What is Octaving?
Octaving is playing two notes an octave apart in unison. It is a great way to reinforce a note by playing its adjacent octave simultaneously. The result is a ‘bigger’ sound, but a clean one as there are no harmonic notes involved. The good doctor sometimes calls it double-barrelled harpin’.

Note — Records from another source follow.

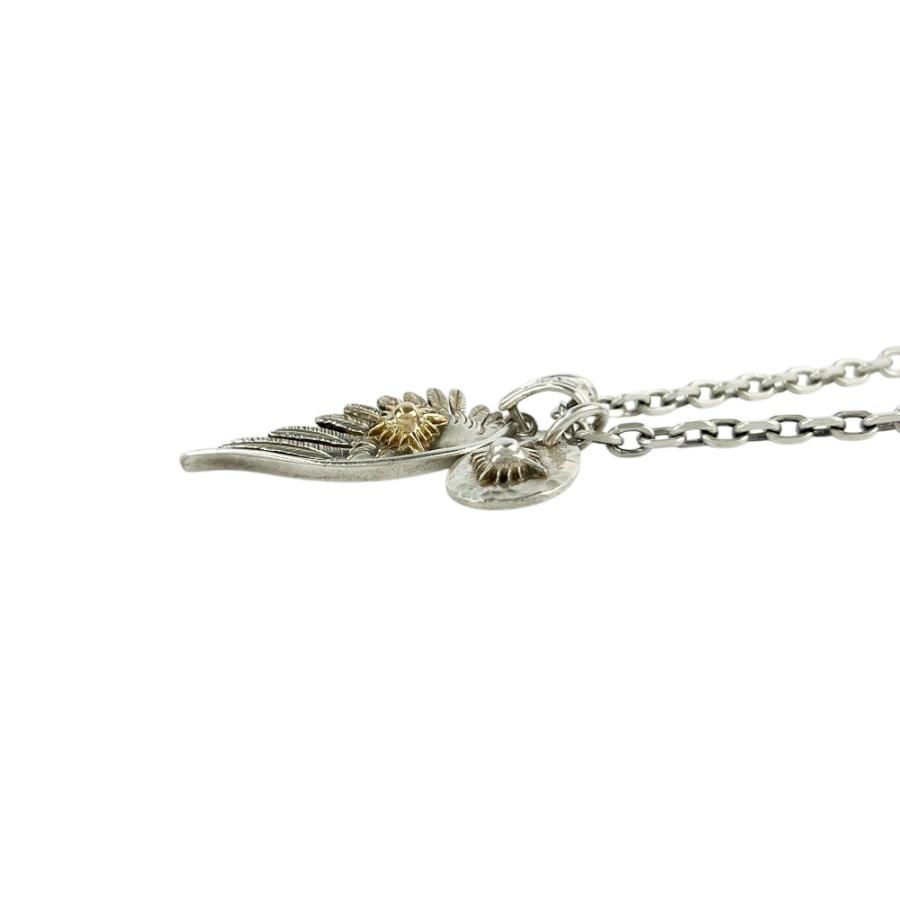 アリゾナフリーダム ■美品■ フェザー ネックレス コンビ アクセサリー 羽 SV 925 K18 シルバー ゴールド 【721007】11 |  | 02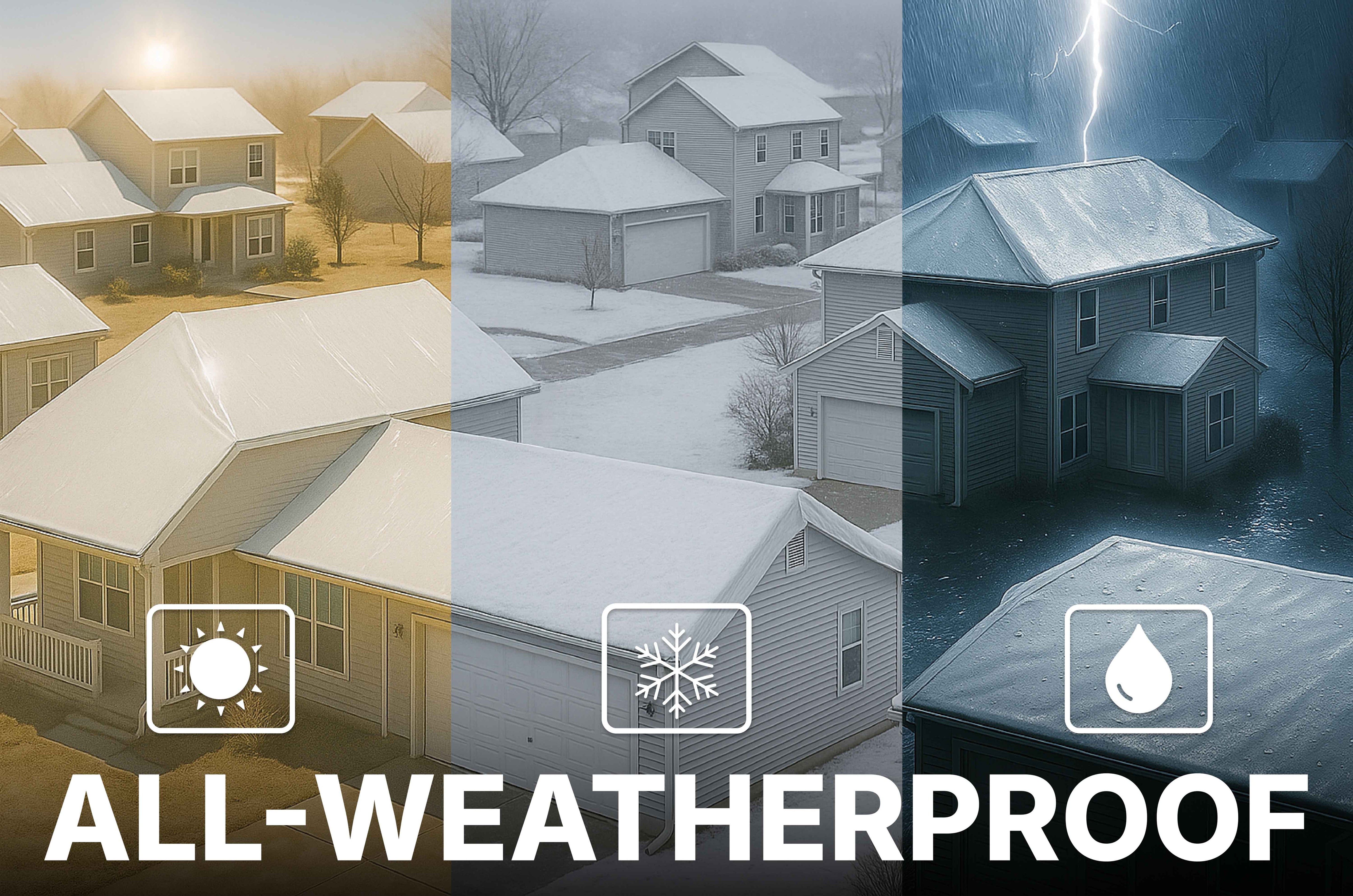 Self Adhesive Tarp - UV, Flame Resistant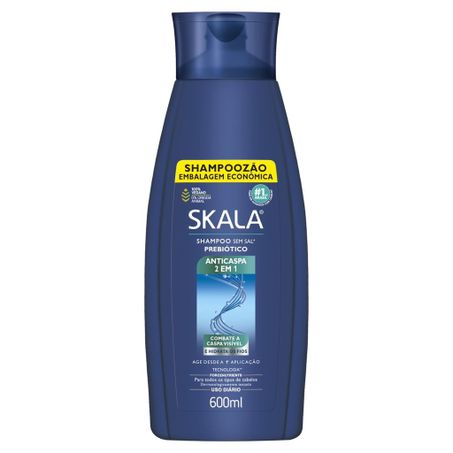 SHAMPOO SKALA SHAMPOO SKALA ANTICASPA 2EM1 600ML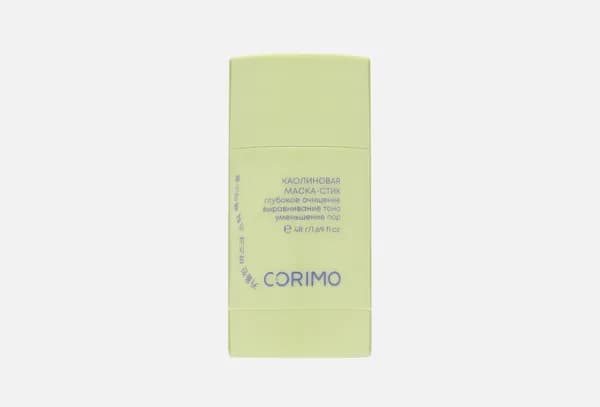 Каолиновая маска-стик для лица Corimo with green tea extract and hyaluronic acid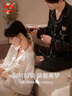 貓人情侶睡衣女【涼感冰雪絲】春夏仿真絲高級可愛小熊可外穿家居服男 曬單實(shí)拍圖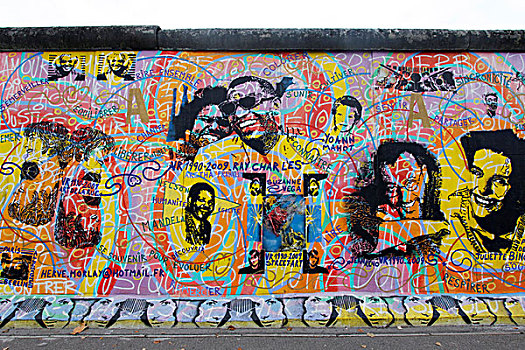 柏林墙,艺术,德国,欧洲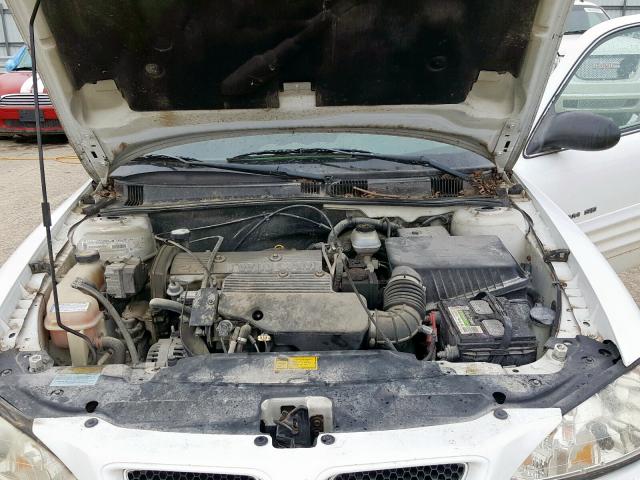 1G2NF52TXYC510153 - 2000 PONTIAC GRAND AM S WHITE photo 7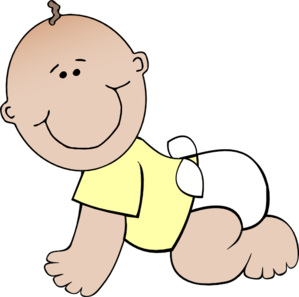 Baby diaper clipart free clip - Baby In Diaper Clipart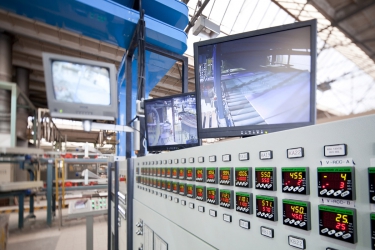 Řídicí jednotka pece v Chlumčanech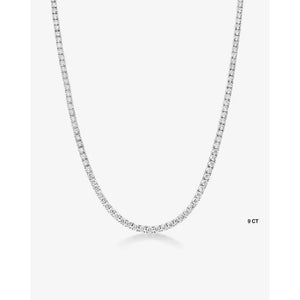 Timeless Elegance: Classic Diamond Tennis Necklace.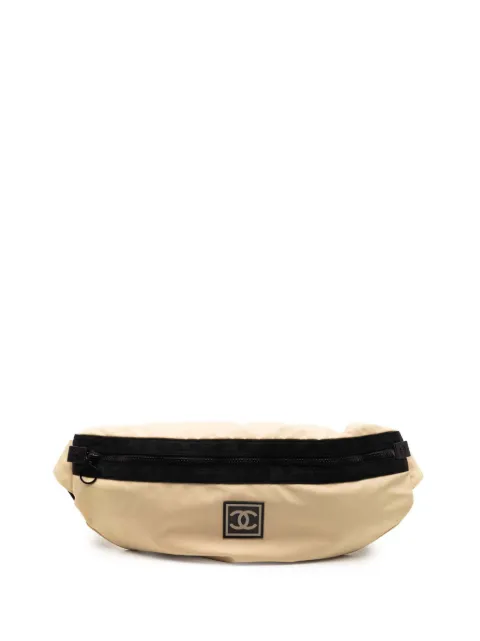 CHANEL Pre-Owned 2002-2003 Nylon CC Sport Line belt bag Brown 555L26GG9Z4NW29K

A good example is the opening to Little Walter’s ‘Juke’. The run up passes through draw 2, draw 3, draw 4, blow 5, and twice on blow 6. Or does it? Actually try draw 2, draw 3, draw 4, blow 5, and twice on blow 3-6 octave. Like this:
Owing to the layout of the reeds, some octaves are four holes apart, while others are five holes apart. We normally start by learning the four-hole octaves as these are easier and more widely used. Once we investigate 3rd position playing, five-hole octaves come into their own.
How do you do it?
Let’s start with holes 1-2-3-4. You should find your mouth sits comfortably across all four holes. Gently blow all four at once. This is the major chord in the key of your harmonica. Now draw the same four holes. This is the major chord one tone above the key of your harmonica. In each case, the notes in the 1 and 4 holes are the same, only an octave apart. So you need to block the middle two holes and just play 1 and 4.
Gently place the tip of your tongue against the bridge between holes 2 and 3. No need to ‘poke’ your tongue, keep it relaxed and square-on. Now allow the corners of your tongue to touch the 1-2 and 3-4 bridges at the same time. Holes 2 and 3 are now covered. Push your lips forward slightly to close down the corners of your mouth and avoid catching holes outside your targets 1 and 4. At the same this will help your tongue to plug the middle two holes. Now breathe out, or in, gradually keeping an ear on the result. No need to push or pull hard – stay relaxed. If you achieve a ‘clean’ result – two notes in unison – you’ve found your octave. If not, adjust your chops to eliminate the unwanted tones.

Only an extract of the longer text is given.